1 Introduction

Learning Vector Quantization (LVQ) is an effective technique used for supervised learning, mainly for classification purposes. The learning targets are called “prototypes”, which can be understood as class representatives and yields class regions defined by hyperplanes between prototypes of the existing classes, this regions are known as Voronoi partitions [4, 6].

LVQ induces efficient classifiers, i.e., they are simple and fast, as calculations are made over prototypes and not over all the neighbourhood of instances. This feature provides a great reduction in the computational cost and processing time (at least for homogeneous data sets). Usually, a fixed number of prototypes is considered during the learning process. However this is not necessarily a good way to achieve a better accuracy or faster convergence to desired theoretical values, as the Bayesian border.
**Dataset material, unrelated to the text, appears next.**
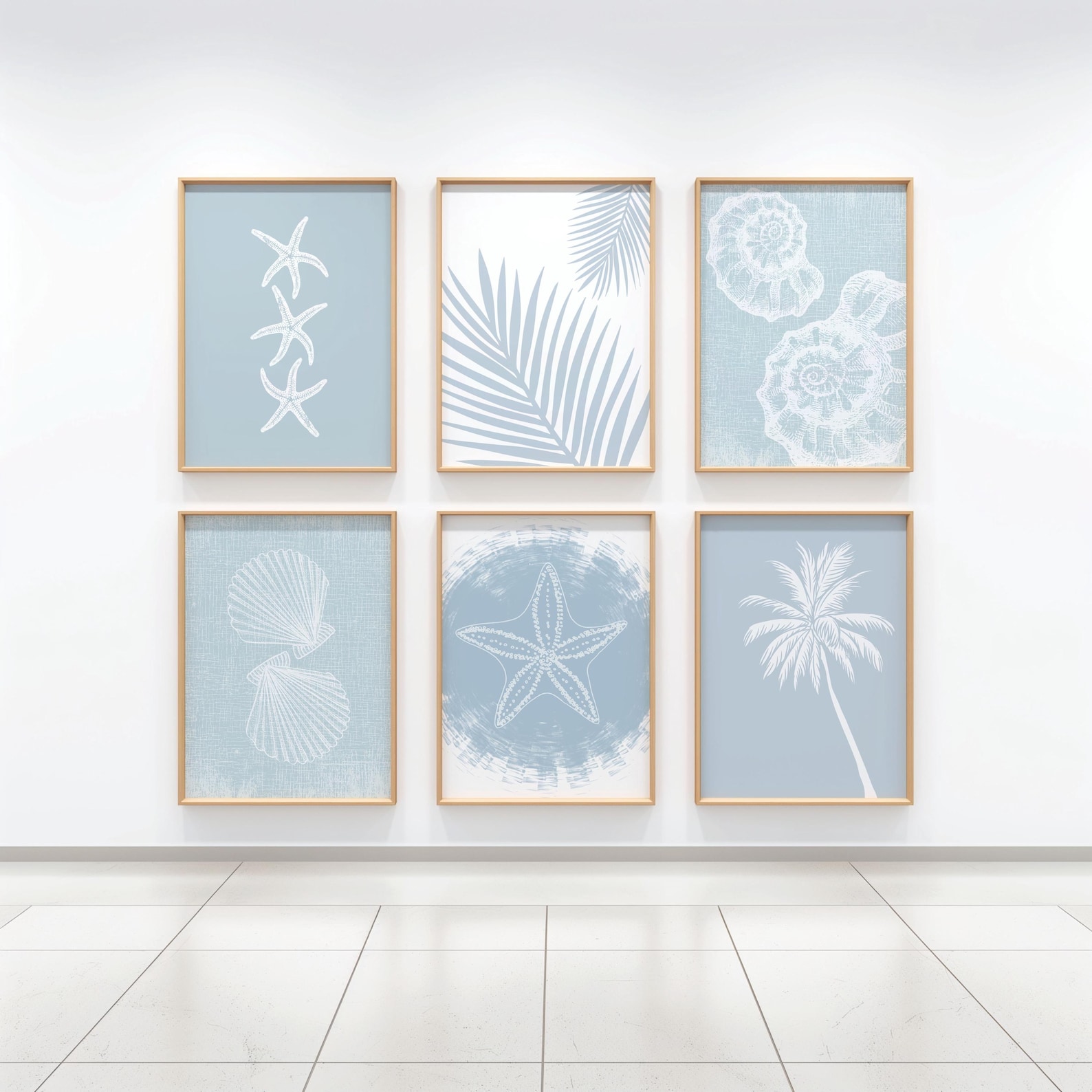 Blue Beach Prints Set of 6, Trendy Coastal Wall Art Posters, Beach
LVQ2.1, LVQ3 are improvements over the standard LVQ technique (also called LVQ1.0) with higher convergence speed and better approximation capabilities (related to the Bayesian borders) [7]. In general, these improvements over LVQ1.0 correct drawbacks such as: bad initialization, sensitivity to overlapping classes distribution and, instabilities due to overly pronounced elimination of dimensions in the feature space.

In this paper, based on the rule of the LVQ1.0 algorithm, we propose an improved learning algorithm for batch and on-line learning processes, where the prototypes used per each class are not fixed. Several prototypes can be produced iteratively, increasing the accuracy power of the classifier and at the same time, respecting the desired data compression rate. Also, a pruning step is proposed, based on a simple idea of a usage-frequency variable for each one of the actual prototypes; then, at each one of the iteration steps, only prototypes with more usage are kept, avoiding the excessive computational load. The proposed algorithm has some kind of memory because the usage-frequency takes into account training samples in previous samples/iterations. This is particularly important when one tries to extend the LVQ method to work on an online setting.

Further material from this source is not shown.